__REQUIREMENT__
Lines before the one containing "White opal oval" are left out; return that line and all lines after it, exactly, through the end of the records below.

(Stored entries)
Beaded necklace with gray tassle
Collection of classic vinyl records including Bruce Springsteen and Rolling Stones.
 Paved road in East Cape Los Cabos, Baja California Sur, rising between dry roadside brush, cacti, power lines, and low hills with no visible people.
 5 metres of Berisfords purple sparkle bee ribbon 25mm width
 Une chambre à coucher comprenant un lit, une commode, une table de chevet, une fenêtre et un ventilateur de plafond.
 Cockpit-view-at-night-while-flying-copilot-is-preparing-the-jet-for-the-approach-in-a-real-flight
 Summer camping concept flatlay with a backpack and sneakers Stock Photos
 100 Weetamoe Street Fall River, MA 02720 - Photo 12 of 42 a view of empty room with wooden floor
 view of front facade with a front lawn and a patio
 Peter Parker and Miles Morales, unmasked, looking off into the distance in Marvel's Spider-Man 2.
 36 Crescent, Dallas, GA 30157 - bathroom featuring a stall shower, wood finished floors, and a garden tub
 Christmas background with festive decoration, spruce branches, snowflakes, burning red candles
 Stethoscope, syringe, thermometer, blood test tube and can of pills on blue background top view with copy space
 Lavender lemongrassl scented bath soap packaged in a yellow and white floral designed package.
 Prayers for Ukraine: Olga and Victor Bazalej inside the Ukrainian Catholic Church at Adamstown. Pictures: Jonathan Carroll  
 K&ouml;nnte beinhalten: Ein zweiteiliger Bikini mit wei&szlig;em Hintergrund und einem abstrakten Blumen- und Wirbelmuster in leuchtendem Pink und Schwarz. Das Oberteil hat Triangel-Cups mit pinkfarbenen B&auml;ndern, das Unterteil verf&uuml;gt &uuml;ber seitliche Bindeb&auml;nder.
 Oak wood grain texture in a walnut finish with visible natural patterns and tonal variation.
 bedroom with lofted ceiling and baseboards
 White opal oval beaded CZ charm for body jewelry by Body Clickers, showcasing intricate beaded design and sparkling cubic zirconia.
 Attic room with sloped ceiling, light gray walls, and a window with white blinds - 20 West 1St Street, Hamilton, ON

__EXERCISE ANSWER__
 White opal oval beaded CZ charm for body jewelry by Body Clickers, showcasing intricate beaded design and sparkling cubic zirconia.
 Attic room with sloped ceiling, light gray walls, and a window with white blinds - 20 West 1St Street, Hamilton, ON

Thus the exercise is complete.